BEGIN SUPPLIED DATA

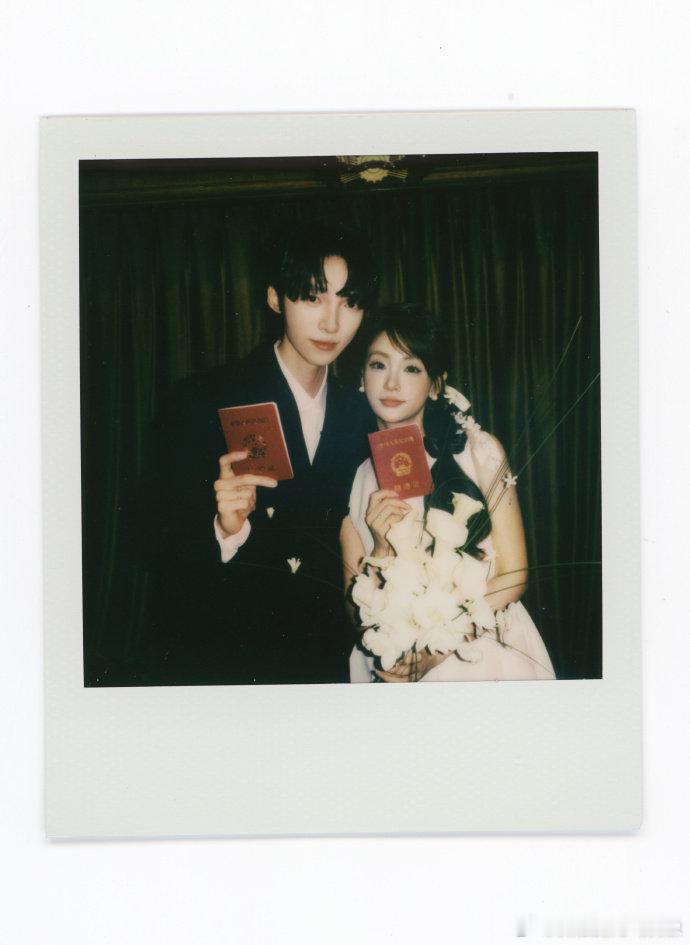 X玖少年团成员为赵磊送新婚祝福  X玖少年团为赵磊送新婚祝福 赵磊开启婚姻旅程，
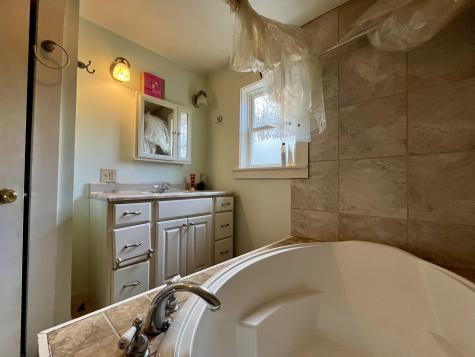 516 Greenwood Road Norway ME 04268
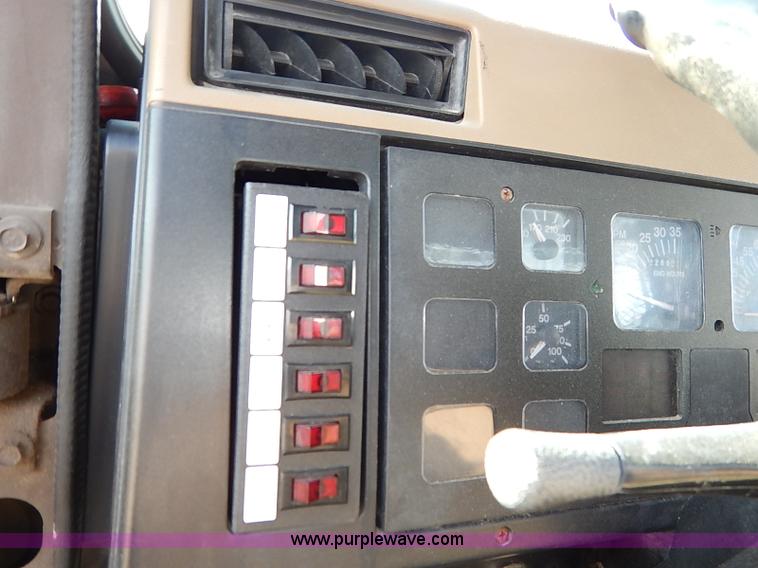 image for item I5126 1991 International 4700 tow truck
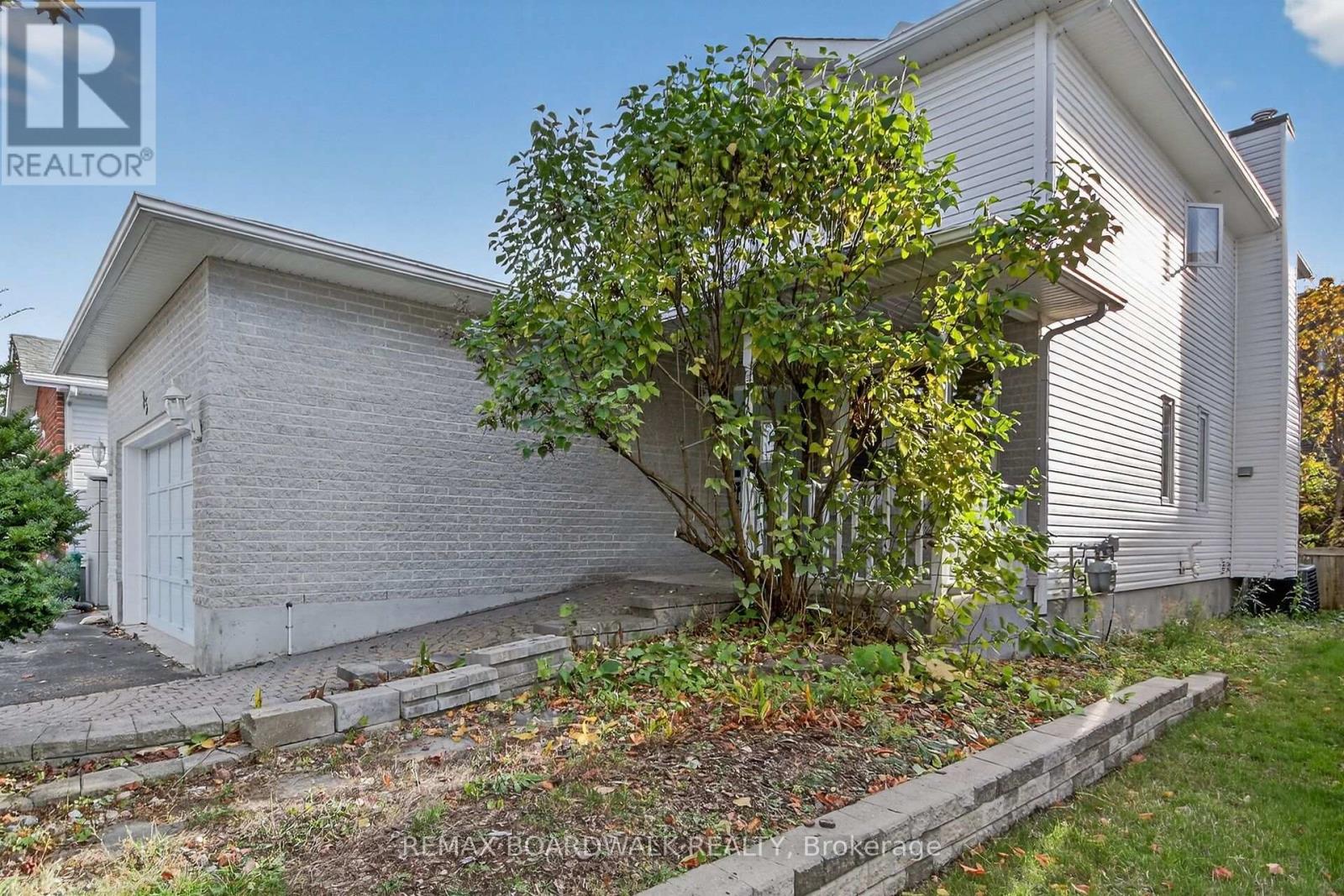 85 Alon Street, Ottawa, Ontario  K2S 1K7 - Photo 3 - X12688198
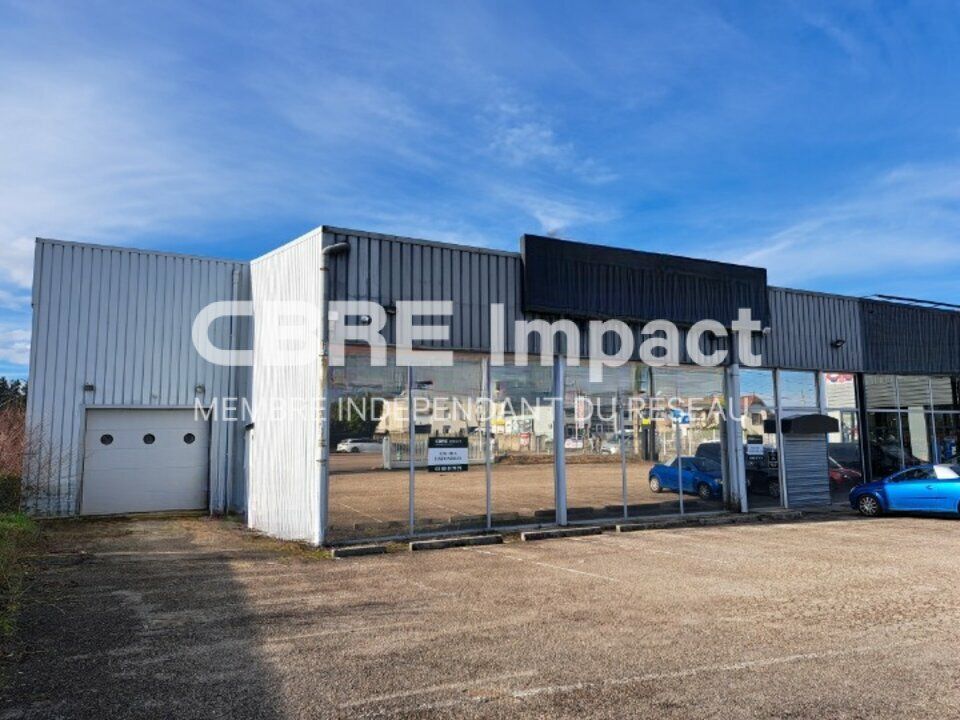 Location local commercial - 885 m²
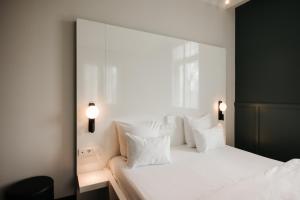 Hotel & Spa Savarin - Rijswijk, The Hague - Policies and Additional Services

END SUPPLIED DATA

### EXERCISE INSTRUCTIONS
Only the lines from the line with "Location local commercial - 885 m²" through the final line of the material belong in the answer, copied exactly and without pictures.

### SOLUTION TO THE PROBLEM
 Location local commercial - 885 m²
 Hotel & Spa Savarin - Rijswijk, The Hague - Policies and Additional Services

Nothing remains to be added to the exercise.